- Opening Delimiter -

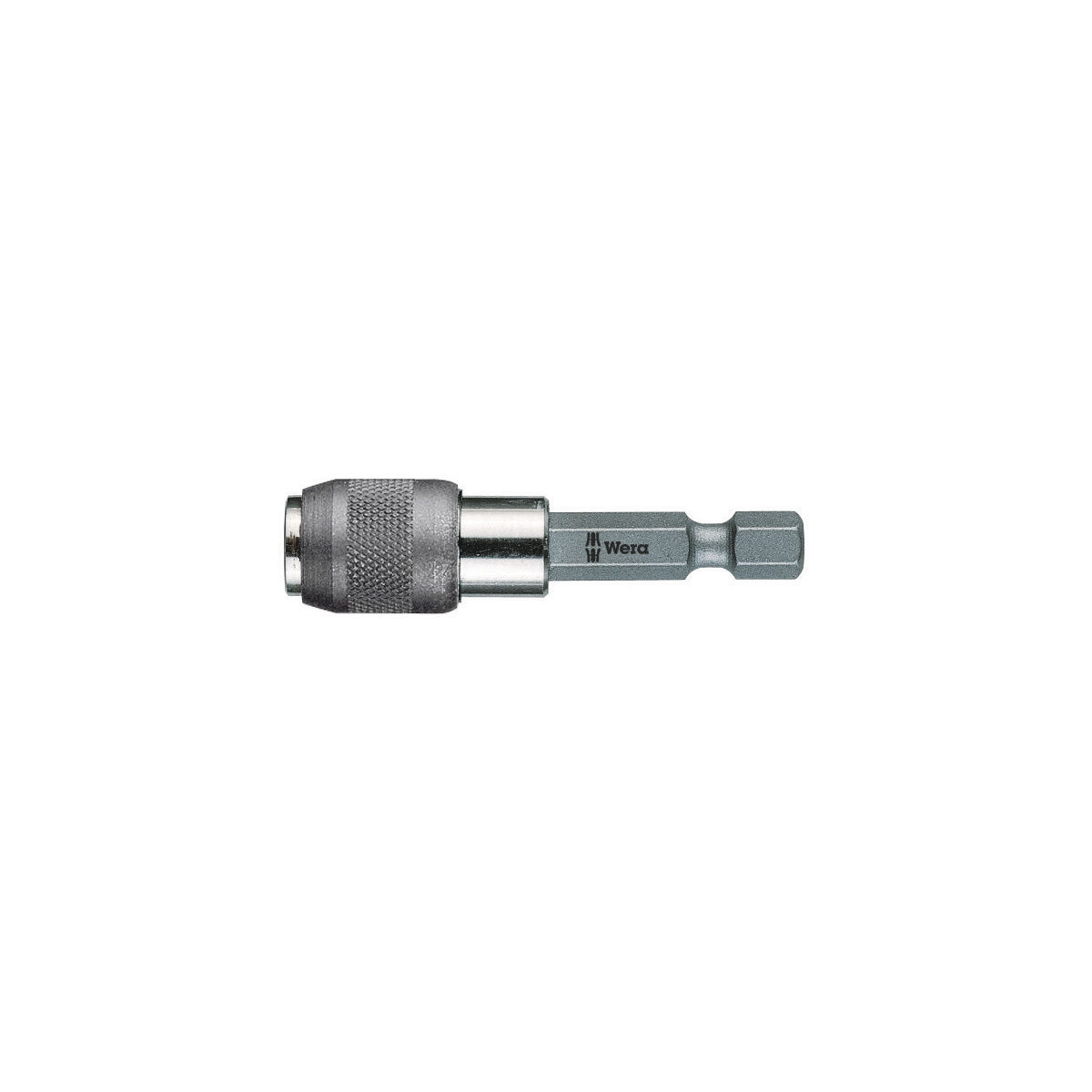 895/4/1 K Universalhalter, 1/4″ x 52 mm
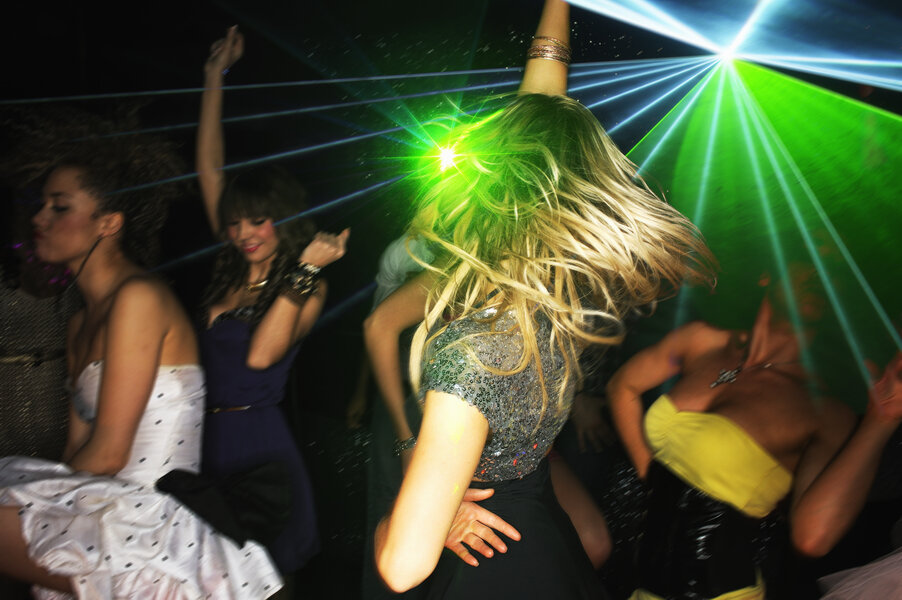 Student Loan Debt Killed the Party Trip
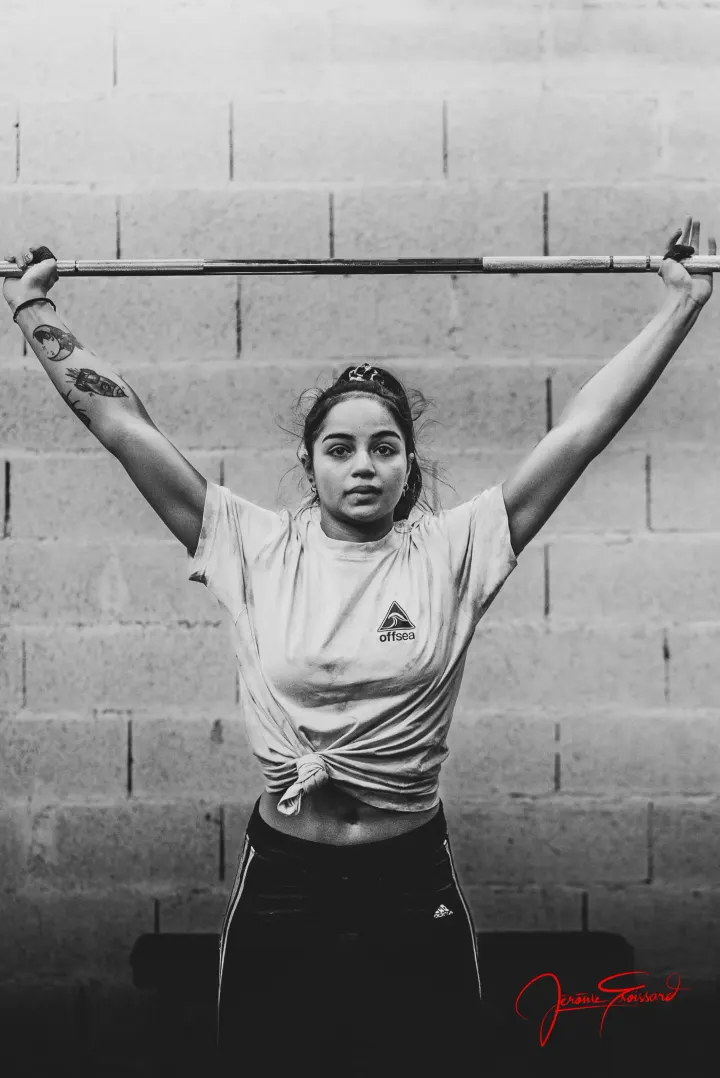 Ponts-Jumeaux CrossFit Hyrox — crossfit-studio à Minimes / Barrière de Paris / Ponts-Jumeaux / La Vache / Raisin / Fondeyre, Toulouse — 3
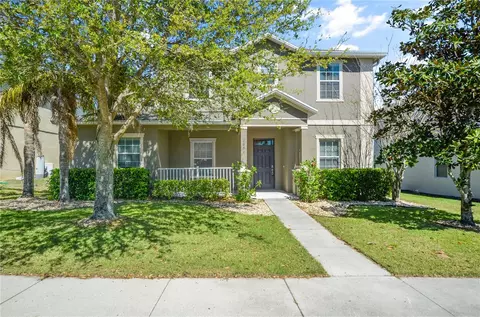 1031 Alston Bay Blvd, Apopka, FL 32703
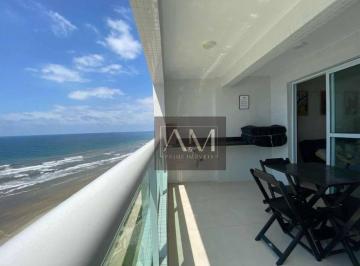 c423ac42c264fc1b2d6cbc700494b5d8a5d8a995 · Apartamento com 2 dormitórios à venda, 84 m² por R$ 999.000,00 - Maracanã - Praia Grande/SP
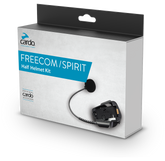 FREECOM LINE HALF HELMET KIT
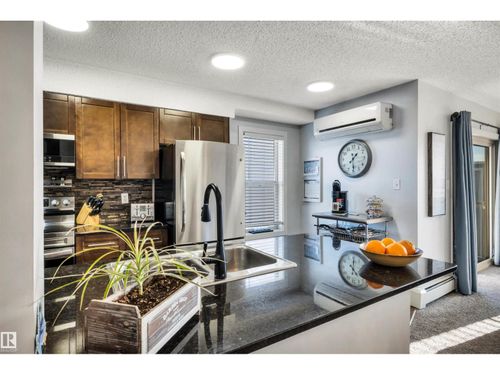 415-11816 22 Ave Sw, Edmonton, AB, T6W2A2 | Card Image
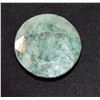 Image 1 : #82-GENUINE GREEN EMERAD/ ENHANCED GEMSTONE 185.35CT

- Closing Delimiter -

*DIRECTIONS FOR THIS TASK:*
Return exactly the lines above, from the one with "Student Loan Debt Killed the Party Trip" up to and including the one with "1031 Alston Bay Blvd, Apopka, FL 32703", and include no pictures.

*COMPLETED EXERCISE:*
 Student Loan Debt Killed the Party Trip
 Ponts-Jumeaux CrossFit Hyrox — crossfit-studio à Minimes / Barrière de Paris / Ponts-Jumeaux / La Vache / Raisin / Fondeyre, Toulouse — 3
 1031 Alston Bay Blvd, Apopka, FL 32703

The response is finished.